The Code was deliberately constructed to capture the acquisition of voting rights in Code companies by means of a transaction upstream from the direct holder of voting rights in the Code company. Compliance with rule 7(c), which requires the approval of shareholders given at a meeting of the Code company held in compliance with the requirements of the Code, is the appropriate mechanism to be utilised in respect of such upstream acquisitions. Exemptions have been sought as an alternative to this procedure. The Panel’s attitude to exemptions for upstream acquisitions can be demonstrated by a discussion of a recent exemption application made by Vector Limited.

In October 2004 Vector advised the Panel that it wished to acquire control of 64.25% of the voting rights in NGC Holdings Limited which were held by a New Zealand holding company of The Australian Gas Light Company (AGL). The Code provides two alternatives which Vector could utilise to acquire control of these voting rights:

  • a full takeover offer for NGC which AGL could ensure was accepted by its holding company; or
  • approval by shareholders under rule 7(c) to a transaction which would result in Vector acquiring the AGL subsidiary which held the NGC shares.

The direct takeover alternative had taxation disadvantages for AGL and AGL did not wish to go through the shareholder approval process under rule 7(c).

Vector sought an exemption from rule 6(1) of the Code to enable it to become the controller of the 64.25% of the voting rights in NGC by acquiring AGL’s New Zealand holding company directly on the basis that it would also make a takeover offer for the remaining shares in NGC for the same consideration per share that was used in calculating the price for the AGL holding company.

Vector and AGL could have utilised the mechanisms which the Code provided. Instead they proposed to structure the transaction in a way that did not comply with the Code to provide taxation benefits and commercial convenience to AGL. This is not a proper ground for the exercise of the Panel’s exemption power.

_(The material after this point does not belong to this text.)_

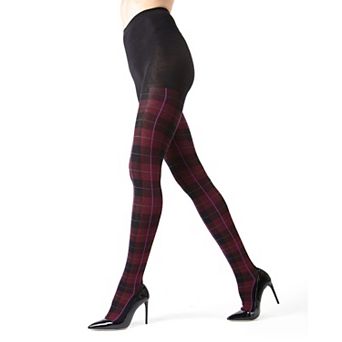 Glasgow Plaid Cotton Blend Sweater Tights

Vector had argued that there was a precedent for the exemption which it sought. They argued that the Panel had previously granted an exemption to Origin Energy New Zealand Limited to allow the acquisition of control over more than 50% of the voting rights in Contact Energy Limited, a Code company, by means of the acquisition of a New Zealand holding company from its parent Edison Mission Energy.

The facts of the Origin Energy exemption were entirely different from those of the Vector application. The circumstances of the Origin Energy application were unique in that loss of complex upstream financing arrangements could have resulted in a negative pricing effect for all Contact shareholders if the sale of 3 CODEWORD January 2005 the controlling block of shares had not taken place at the holding company level. The Panel’s exemption was not granted to accommodate the commercial interests of the holder or acquirer of the controlling shareholding block. The Panel emphasises that every exemption application is treated on its own merits. Prospective applicants need to be cautious about assuming that an exemption will be granted to them on the basis of an apparently similar previous exemption.

There is one particular qualification to the Panel’s policy regarding upstream transactions. The Panel has in the past granted exemptions from the fundamental rule in respect of overseas amalgamations or takeovers which have an impact on the control of the voting rights of New Zealand Code companies provided they were not carried out for the purpose of increasing any person’s control percentage in that Code company. The Panel will only grant such exemptions where it is satisfied that the change of control of voting securities in the Code company is merely incidental to the overseas transaction and the shares in the Code company represent a very small percentage of the assets being acquired. An example of an exemption granted in such a situation is the Takeovers Code (Canadian National Railway Company) Exemption Notice 2001.